PG Backup & Restore
Backup & Recovery matters.
Failures can be divided into two categories: hardware/resource failures and software/human errors.
Replication aims for the former, while delayed replica & cold backups aim for the latter.
Pigsty has complete support for backups. There is battery-included physical replication that can be configured by simply declaring replica & delayed roles. And handy cold backup scripts for cold backup.
- Physical Replica (Hot/Warm Standby)
- Delayed Replica
- Cold Standby
Physical Replica
In Pigsty, physical backups are created by specifying roles (pg_role
) for the database instances. For example, the following configuration declares a HA database cluster with one primary & two replicas.
pg-test:
hosts:
10.10.10.11: { pg_seq: 1, pg_role: primary } # Primary
10.10.10.12: { pg_seq: 2, pg_role: replica } # Hot standby
10.10.10.13: { pg_seq: 3, pg_role: offline } # Warm standby
vars:
pg_cluster: pg-test
Hot Standby
replica
= Hot Standby, which carries read-only traffic and maintains real-time synchronization with the primary, with a few replication delays.
It is consistent with the primary and will take over the work of the primary when it fails, and will also take over online read-only traffic. A hot standby that uses sync replication to keep up with the primary in real-time can also be called a sync backup. Under normal circumstances, the latency of physical replication can be in the range of 1ms-100ms / tens of KB to several MB, depending on the network conditions and load level.
Please refer to Classic Physical Replication.
Warm Standby
offline
= Warm Standby, warm standby, does not carry online traffic. Backup, or for offline/analysis queries only.

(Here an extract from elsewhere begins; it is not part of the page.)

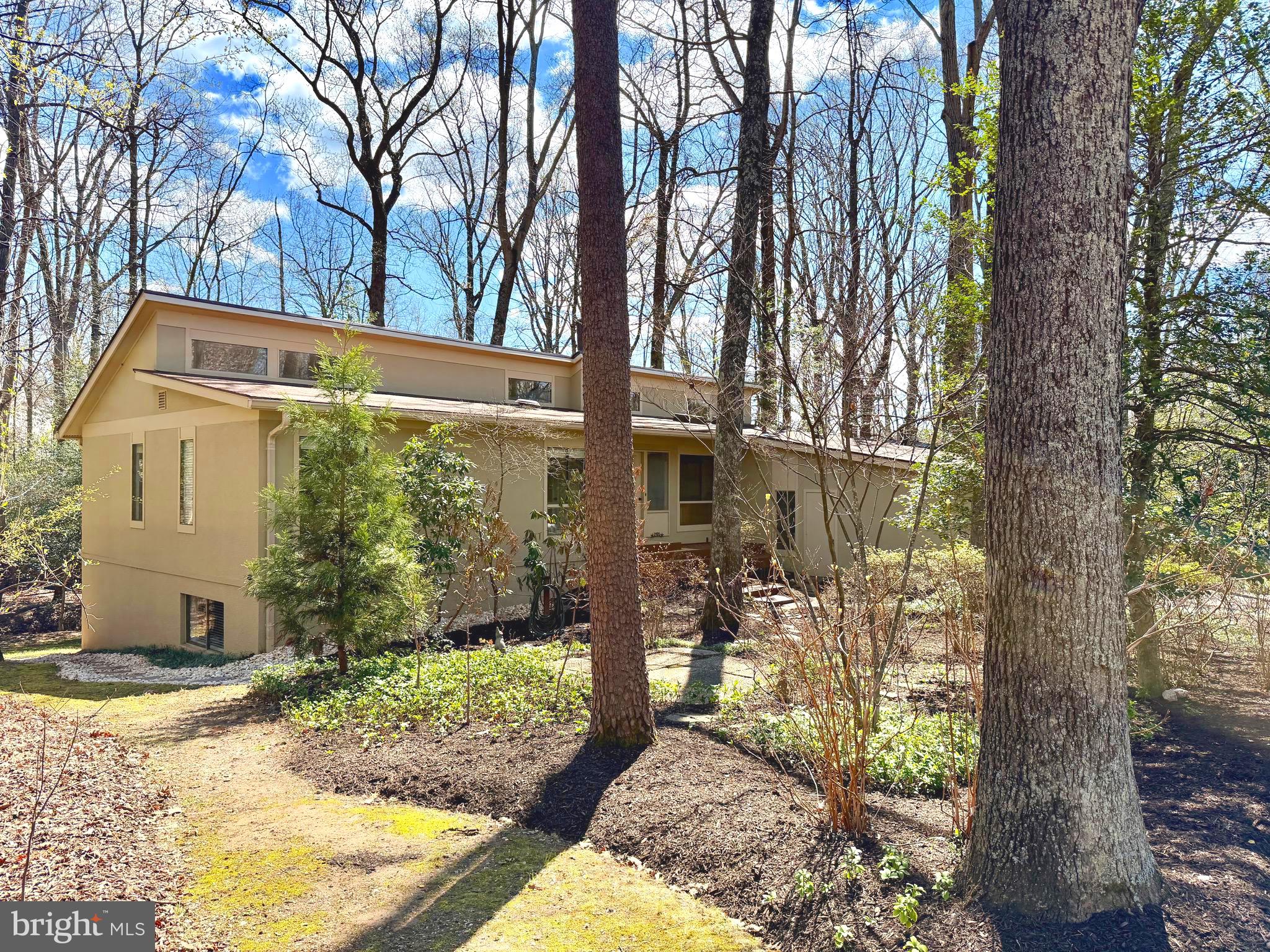 2105 Lirio Court Reston, VA 20191 - Photo 4 of 10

Please refer to offline deployment.
Sync Standby
standby
= Sync Standby. Strict real-time sync with the primary.
Use sync commit replica, also called sync standby. Please refer to sync standby deployment for details.
Delayed Replica
Delayed is a quick measure of software failure/human error. Changes are received in real-time from the primary using the standard primary-replica stream replication mechanism but are delayed for a specific period (e.g., one hour, a day) before the application is executed. Thus, it is a copy of the historical state of the original primary. When there is a problem like mistaken data deletion, the delay provides a time window to salvage: immediately query the data from the delayed and backfill the original primary.
A delayed replica can be created using the function standby cluster. For example, now you want to specify a delayed replica for the pg-test
cluster: pg-testdelay
, which is the state of pg-test
1 hour ago. If there is a mis-deletion of data, it can be immediately retrieved from the delayed and poured back into the original cluster.

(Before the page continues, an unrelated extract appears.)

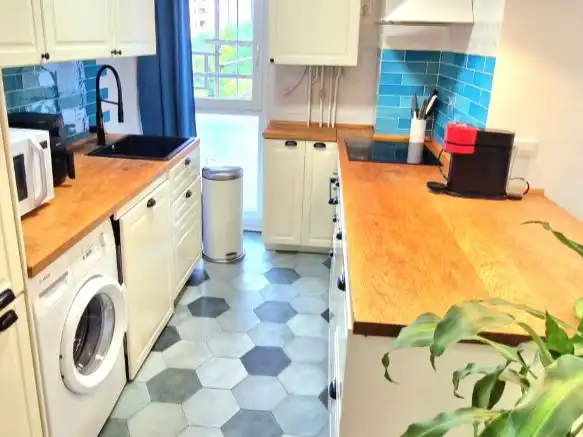 Cocina de Piso para compartir en Madrid con Calefacción, Parquet y Amueblado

# pg-test is the original database
pg-test:
hosts:
10.10.10.11: { pg_seq: 1, pg_role: primary }
vars:
pg_cluster: pg-test
pg_version: 14
# pg-testdelay will be used as a delayed for the pg-test
pg-testdelay:
hosts:
10.10.10.12: { pg_seq: 1, pg_role: primary , pg_upstream: 10.10.10.11 } # The actual role is Standby Leader
vars:
pg_cluster: pg-testdelay
pg_version: 14
After creation, edit the Patroni config file for the delayed cluster using pg edit-config pg-testdelay
in the meta node and change standby_cluster.recovery_min_apply_delay
to the delay value you expect.
standby_cluster:
create_replica_methods:
- basebackup
host: 10.10.10.11
port: 5432
+ recovery_min_apply_delay: 1h
Cold Backup
Cold backup is the final safeguard for your data assets.

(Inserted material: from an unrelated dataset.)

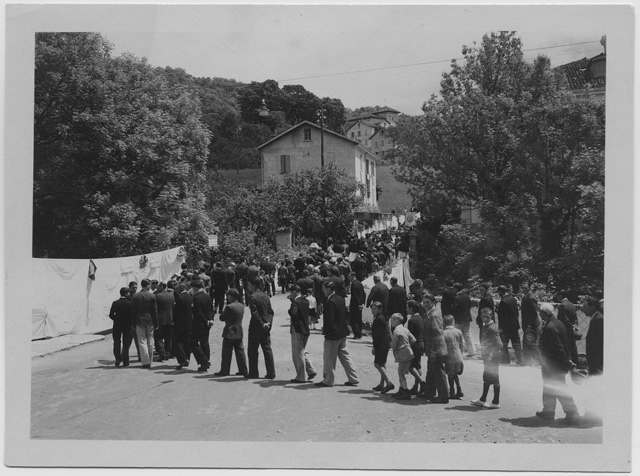 Passaggio della processione del Corpus Domini a Tesserete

The cold backup database exists as a static file of the data-dir and is a binary backup of the database dir. Cold backups are the last resort in case of accidental deletion of databases or tables, or catastrophic failure of the whole cluster/whole server room.
Pigsty provides a script for making cold backups pg-backup
, which can be executed as dbsu
on the database node to create a full physical backup of the current instance and place it in the /pg/backup
(by default located in {{ pg_fs_bkup }}/backup
).
With parameters, you can specify the backup database URL, backup-dir, file name, encryption method, retention policy for existing backups, etc.
$ pg-backup # Execute the backup script without any arguments
[2021-08-05 17:41:35][INFO] ================================================================
[2021-08-05 17:41:35][INFO] [INIT] pg-backup begin, checking parameters
[2021-08-05 17:41:35][DEBUG] [INIT] #====== BINARY
[2021-08-05 17:41:35][DEBUG] [INIT] pg_basebackup : /usr/pgsql/bin/pg_basebackup
[2021-08-05 17:41:35][DEBUG] [INIT] openssl : /bin/openssl
[2021-08-05 17:41:35][DEBUG] [INIT] #====== PARAMETER
[2021-08-05 17:41:35][DEBUG] [INIT] filename (-f) : backup_pg-meta_20210805.tar.lz4
[2021-08-05 17:41:35][DEBUG] [INIT] src (-s) : postgres:///
[2021-08-05 17:41:35][DEBUG] [INIT] dst (-d) : /pg/backup
[2021-08-05 17:41:35][DEBUG] [INIT] tag (-t) : pg-meta
[2021-08-05 17:41:35][DEBUG] [INIT] key (-k) : pg-meta
[2021-08-05 17:41:35][DEBUG] [INIT] encrypt (-e) : false
[2021-08-05 17:41:35][DEBUG] [INIT] upload (-u) : false
[2021-08-05 17:41:35][DEBUG] [INIT] remove (-r) : -mmin +1200
[2021-08-05 17:41:35][INFO] [LOCK] acquire lock @ /tmp/backup.lock
[2021-08-05 17:41:35][INFO] [LOCK] lock acquired success on /tmp/backup.lock, pid=25438
[2021-08-05 17:41:35][INFO] [BKUP] backup begin, from postgres:/// to /pg/backup/backup_pg-meta_20210805.tar.lz4
[2021-08-05 17:41:35][INFO] [BKUP] backup in normal mode
pg_basebackup: initiating base backup, waiting for checkpoint to complete
pg_basebackup: checkpoint completed
pg_basebackup: write-ahead log start point: 0/6B000028 on timeline 1
pg_basebackup: write-ahead log end point: 0/6B000138
pg_basebackup: syncing data to disk ...
pg_basebackup: base backup completed
[2021-08-05 17:41:45][INFO] [BKUP] backup complete!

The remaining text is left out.